Yeah I put them in separate components. Technically I could put it all in one component, but I like the code organization and the ability to run tests for those components. I started with the convention to put protocol definitions in some-component.interface.protocols. I also put multimethods definitions there. Then I wrap the protocol ns from the interface ns. This setup allows me to have something close to a circular dependency between components. So other components implement the protocol, but also call the interface. Hope that makes sense. I don't have a small example to share unfortunately. The other convention I have is to put implementations of protocols and multimethods in a namespace named some-component.interface.extensions Note that the interface nesting is required to keep polylith happy It works well for me.
unfortunately we are using cursive, which doesn't handle the back-n-forth code navigation between protocol and multi-method declarations and implementations. even if it would, it's quite painful to not being able to see an actual implementation directly from a call-site, if it goes thru an interface function call.
my use-case is running tests in the same repl instance as the one running a local web server version of the app, so i can seamlessly switch between automated an manual testing, without the need to load the latest code into 2 repls or having some file watcher mechanism do it for me.
I think the assessment is correct. Polylith allows to have multiple components that define the same namespace (interface) so swapping this at runtime is something clojure doesn't support without problems. If you are talking about mixing components that are not conflicting, this is possible and supported by the development project where you include all the components you want to have available during development. As far as I know you still have to include path to the test directories manually. But often you can evaluate a test namespace (I use cider and emacs) without actually having it on the classpath.
I have a workflow like you are describing. I use different implementations of some protocols for development, testing and production but they don't have conflicting namespaces so I can include them in the same process.

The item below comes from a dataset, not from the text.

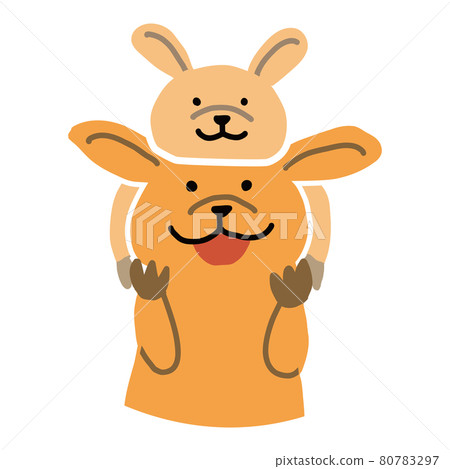 Illustration of vector image of parent and child of kangaroo who is piggybacking 80783297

I use this process to run a local server as well as repl evaluations for tests (just repl evaluation)
do u put those dev/test/prod implementations into their own polylith components or just polylith libraries? in other words, do u even utilize interface namespaces?
i guess u must use interface namespaces, otherwise the tooling wouldn't be happy, but when u just have a single implementation, then u bake that implementation into the interface ns, to avoid indirection, when going to references or definitions in an ide. right?